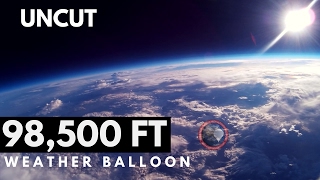 GOPRO WEATHER BALLOON TO SPACE 🎈 Full Uncut Footage [upl. by Karyn]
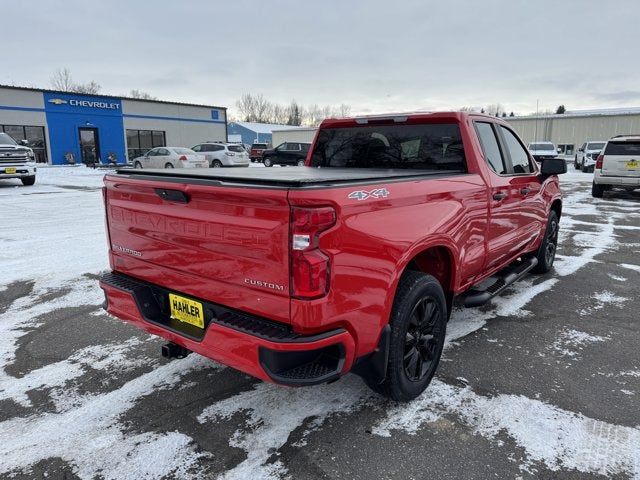 2022 Chevrolet Silverado 1500 LTD Custom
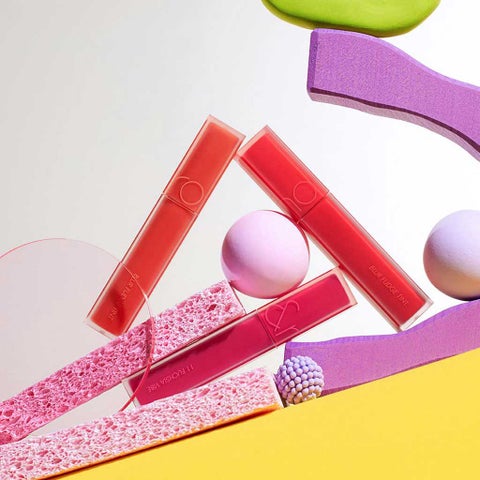 Rom&nd Blur Fudge Lip Tint 5g, Shade 10 Fudge Red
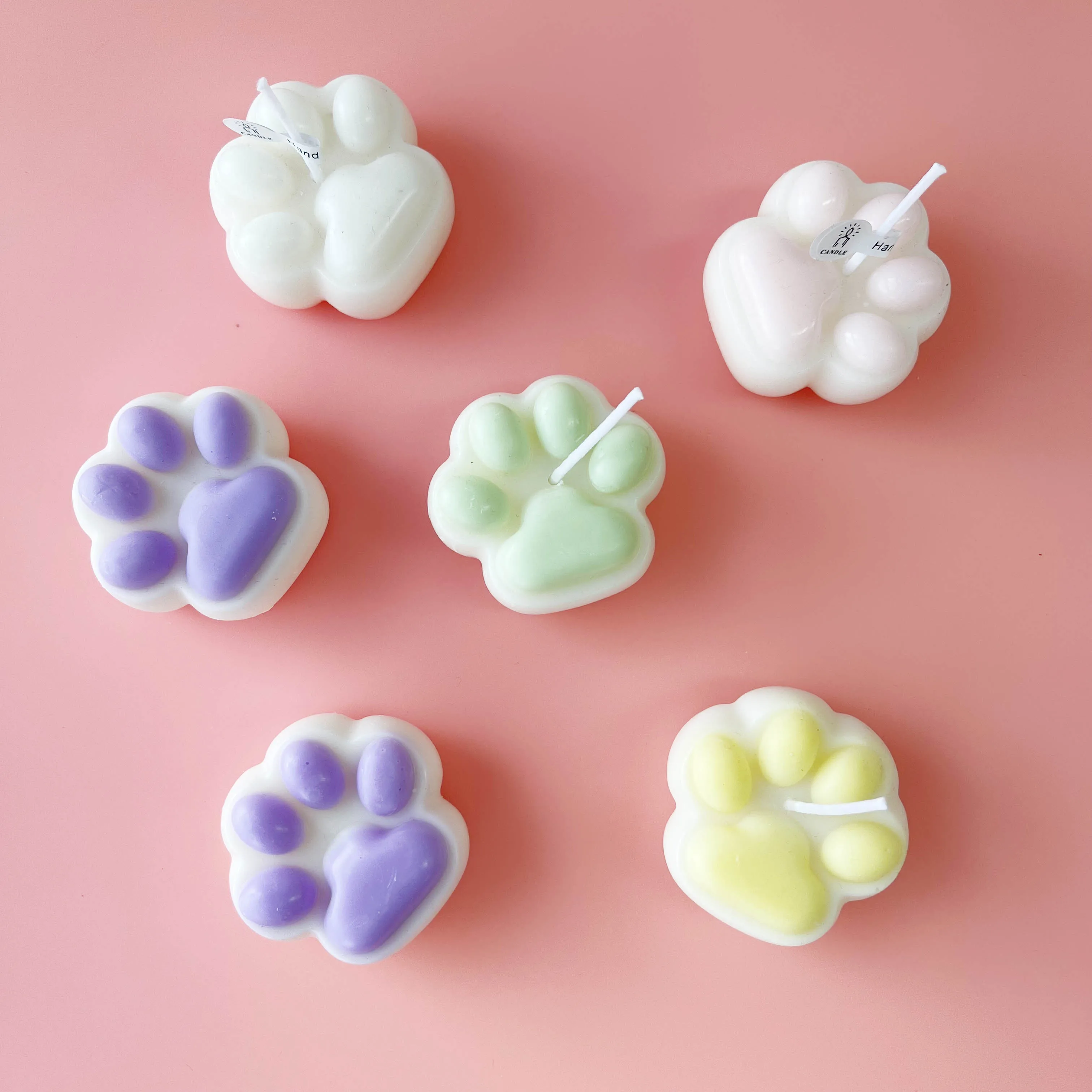 Paw Mousse Cake Mold Jelly Handmade Soap Mold Cat Paw Candle Silicone Mold DIY Baking Mold
Paw Mousse Cake Mold Jelly Handmade Soap Mold Cat Paw Candle Silicone Mold DIY Baking Mold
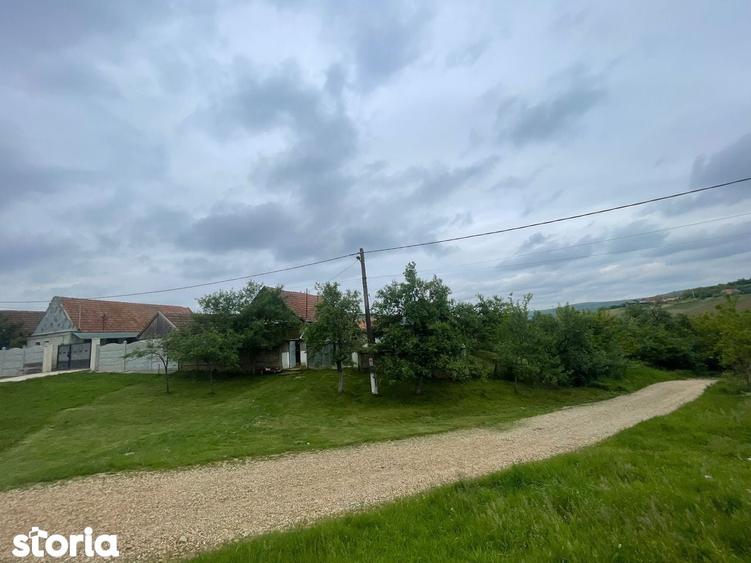 Casă cu 3 camere cu Teren 2472 Mp în Tămășeu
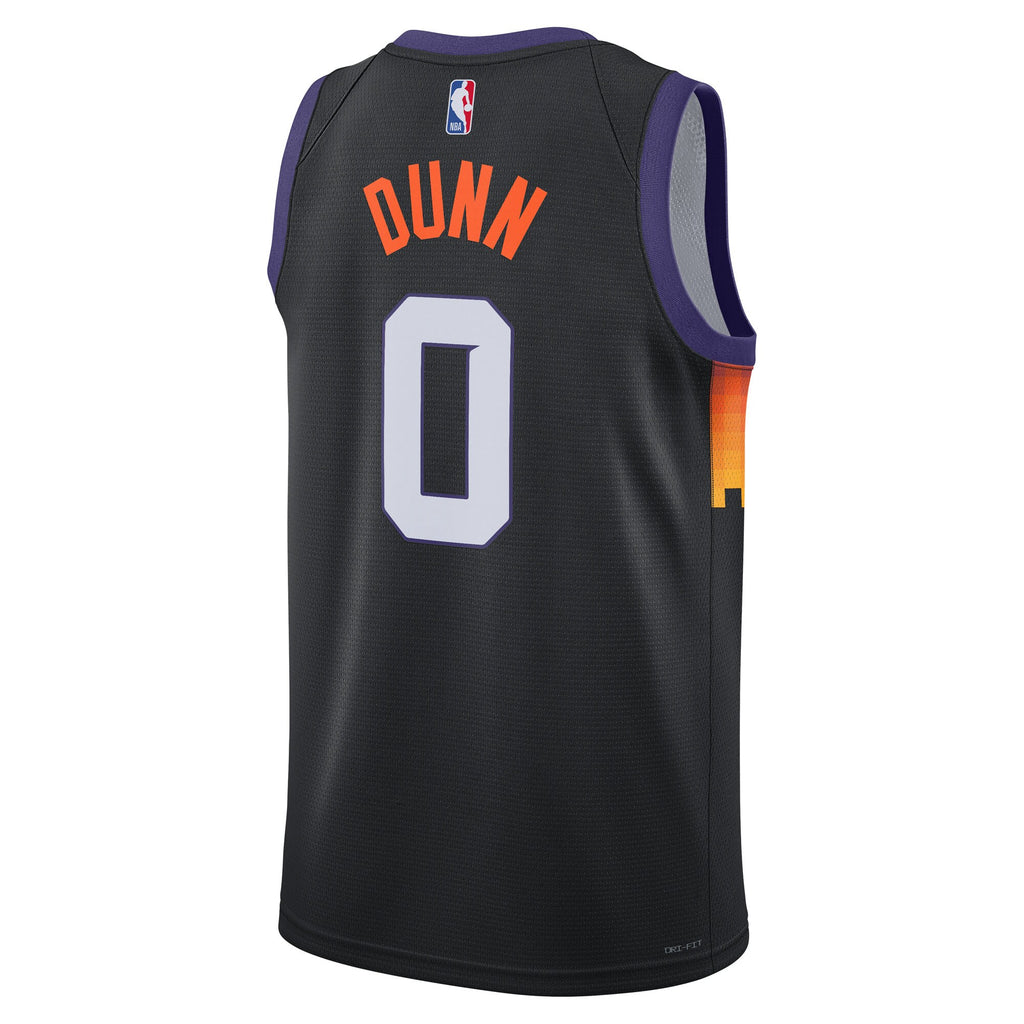 Phoenix Suns 2025/26 City Edition Swingman Jersey - Black - Ryan Dunn - Unisex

Problem to solve:
Print the material above verbatim except the pictures.

Exercise answer:
 GOPRO WEATHER BALLOON TO SPACE 🎈 Full Uncut Footage [upl. by Karyn]
 2022 Chevrolet Silverado 1500 LTD Custom
 Rom&nd Blur Fudge Lip Tint 5g, Shade 10 Fudge Red
 Paw Mousse Cake Mold Jelly Handmade Soap Mold Cat Paw Candle Silicone Mold DIY Baking Mold
Paw Mousse Cake Mold Jelly Handmade Soap Mold Cat Paw Candle Silicone Mold DIY Baking Mold
 Casă cu 3 camere cu Teren 2472 Mp în Tămășeu
 Phoenix Suns 2025/26 City Edition Swingman Jersey - Black - Ryan Dunn - Unisex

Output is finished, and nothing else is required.